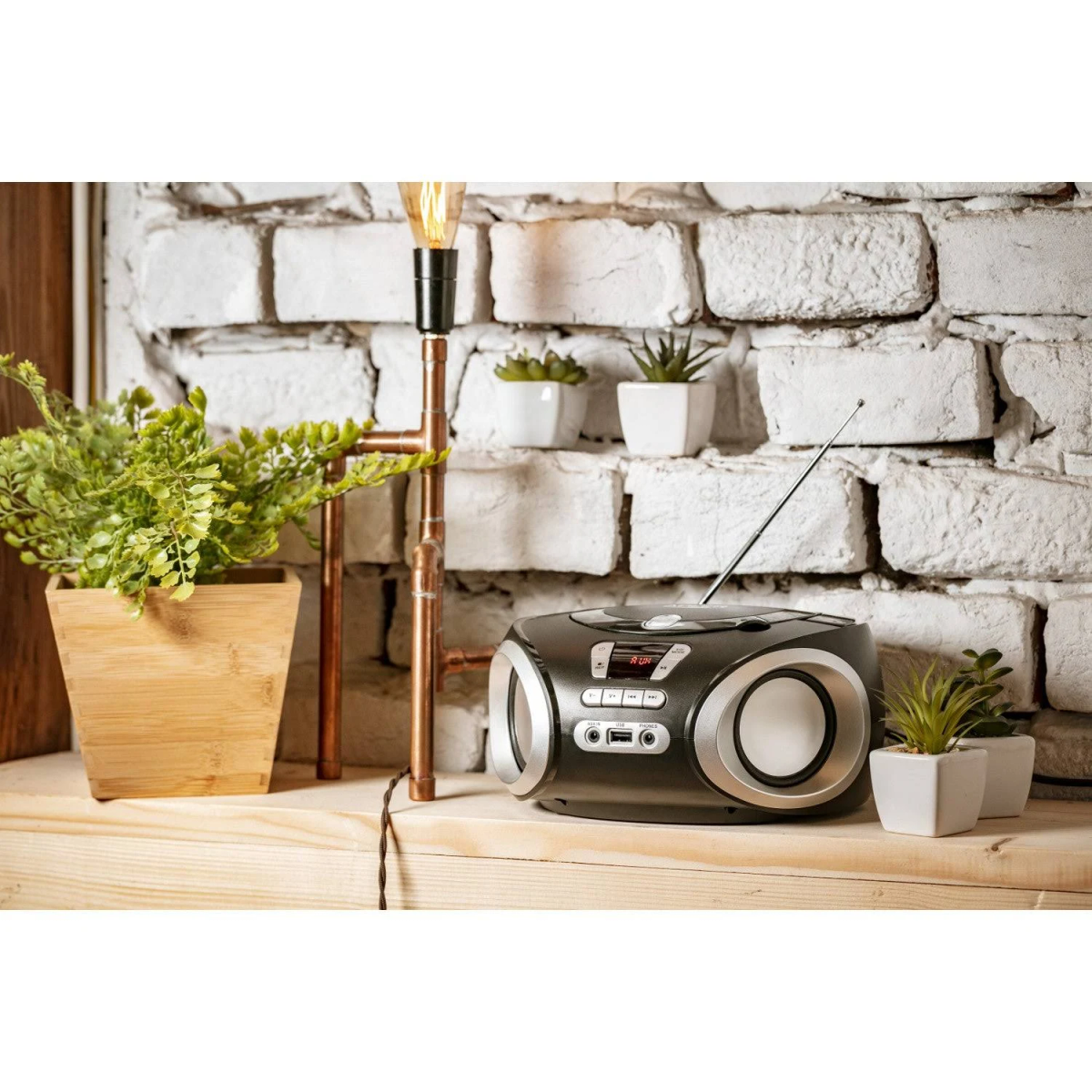 Stereoanlage mit Pflanzen, Lampe und Backsteinmauer im Hintergrund.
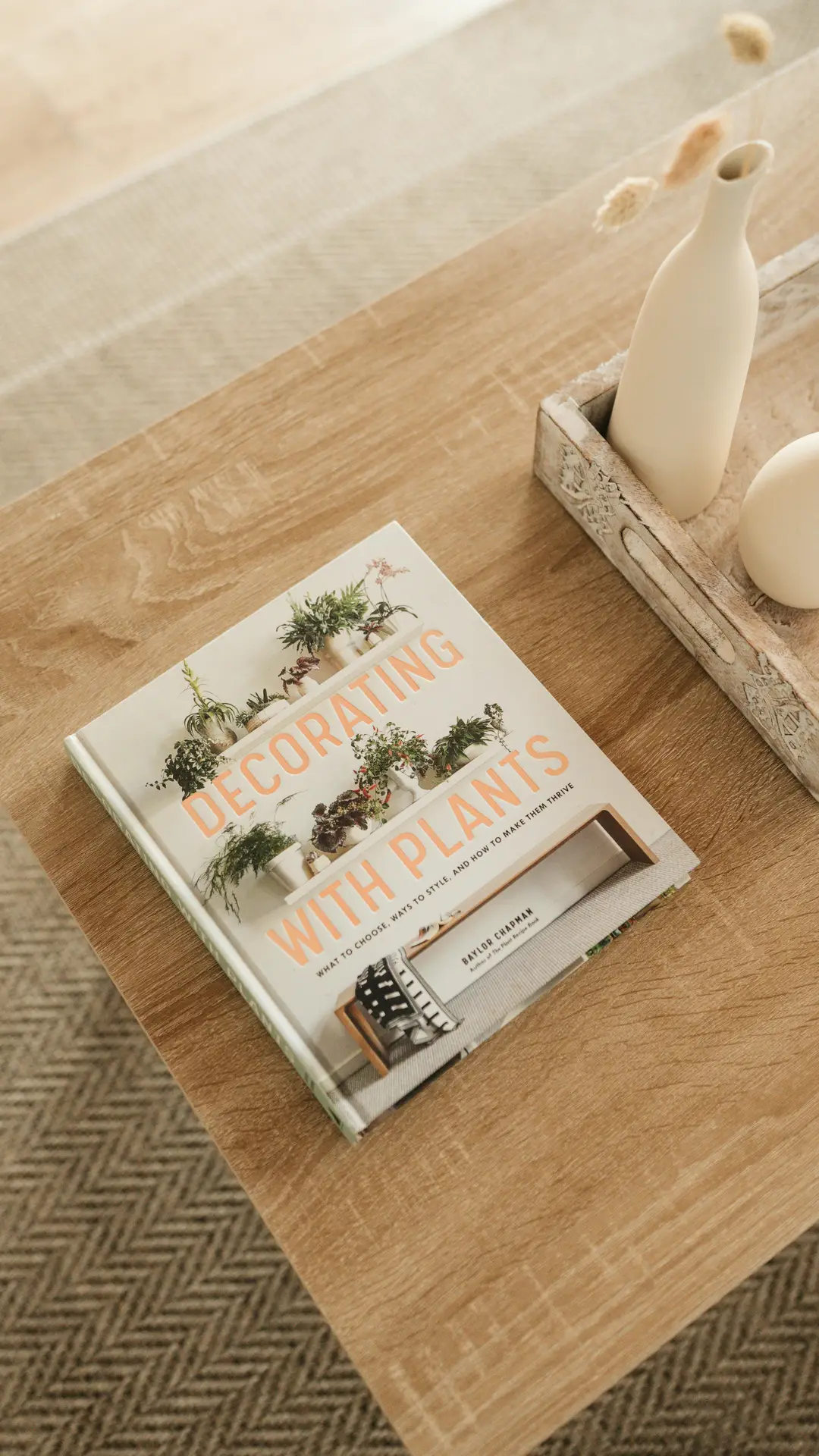 Spring decor ideas for living room featuring coffee table books arranged on a warm wooden surface, with a plant-themed hardcover placed neatly beside a rustic tray holding minimalist ceramic vases, creating a calm, natural styling with soft textures and light tones.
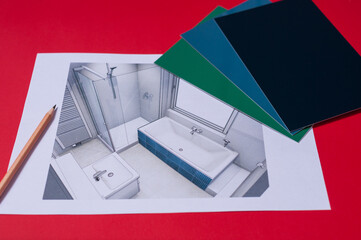Blick auf den Entwurf einer Badezimmerplanung mit Badewanne und Dusche. Auf der Planung liegen...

PROBLEM REQUIREMENTS:
Repeat exactly and only the lines from the start of the data above through the line that holds "Spring decor ideas", inclusive. Pictures do not belong in the copy.

TASK SOLUTION:
 Stereoanlage mit Pflanzen, Lampe und Backsteinmauer im Hintergrund.
 Spring decor ideas for living room featuring coffee table books arranged on a warm wooden surface, with a plant-themed hardcover placed neatly beside a rustic tray holding minimalist ceramic vases, creating a calm, natural styling with soft textures and light tones.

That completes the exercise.